Sponsorship

Are Sovereign Wealth Funds in Your Sponsorship Future?

May 22, 2024 Are Sovereign Wealth Funds in Your Sponsorship Future?

When Saudi Arabia’s Public Investment Fund signed an agreement with the ATP Tour in February, I recall dismissing the five-year partnership’s inclusion of naming rights for the tour’s player rankings and on-court branding at the ATP Finals and four other tournaments as mere window dressing surrounding a bigger investment that would support the growth of the sport while serving the kingdom’s many objectives.

But a closer look in the wake of a similar agreement announced this week between PIF and the WTA Tour reveals the fund has genuine interest in the marketing assets and benefits it has acquired from both tennis bodies. Unlike other major sports investment groups making waves these past few years–specifically private equity funds—PIF and other sovereign wealth funds behave more like other global conglomerates, including the employment of hefty marketing, branding and communications teams and budgets that seek to build awareness and interest in the business, among other objectives.

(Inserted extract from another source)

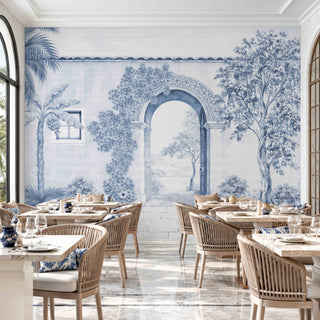The Mexico customised wallpaper mural in Indigo & White, view-restaurant behind marble dining tables and rattan chairs.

In addition to the recent deals from PIF—which employs a senior vice president-head of events & sponsorships charged with overseeing that its deals support PIF’s four strategic sponsorship pillars of inclusivity, sustainability, youth and technology—Abu Dhabi’s sovereign wealth fund, Mubadala Investment Company, also has been an active sponsor.

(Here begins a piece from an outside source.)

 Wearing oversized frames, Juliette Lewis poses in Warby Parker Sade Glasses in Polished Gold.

Its most recent deals include co-title of the combined 500-level WTA/ATP event in Washington, D.C.—the Mubadala Citi DC Open—and a three-year extension and upgrade signed last June of its agreement with SailGP to become one of the series’ global partners in addition to having title sponsorship of the SailGP finale in San Francisco Bay and the New York Sail Grand Prix off of New York City’s Governors Island.

Unlike PIF’s sports partnerships, which always include bringing events to Saudi Arabia, Mubadala’s deals appear to be more like traditional sponsorships—with a priority on raising the fund’s profile among targeted audiences, including U.S. government officials in Washington. If other sovereign funds have a similar focus, that creates far more opportunities for rights holders to approach them with traditional partnership packages.

The challenge for sponsorship sellers will be to identify which funds, in addition to the Saudi and Abu Dhabi ones, would be interested in sponsorship benefits. Two of the biggest sovereign funds with investments in U.S. sports teams—Qatar Investment Authority, which last year acquired a five percent stake in Monumental Sports & Entertainment for $200 million, and the Norway Government Pension Fund Global, which owns one percent of Madison Square Garden Sports Corp.—would seem to be likely candidates but have shown no interest in obtaining branding or other assets from the properties they are invested in or others for that matter.

So while rising sponsorship activity makes these multi-billion-dollar entities tempting targets for rights holders, securing deals from sovereign funds is far from a slam dunk. For now, without a connection or an especially compelling proposition, most properties will want to keep tabs on players in the category without making it a top priority over other more likely prospects.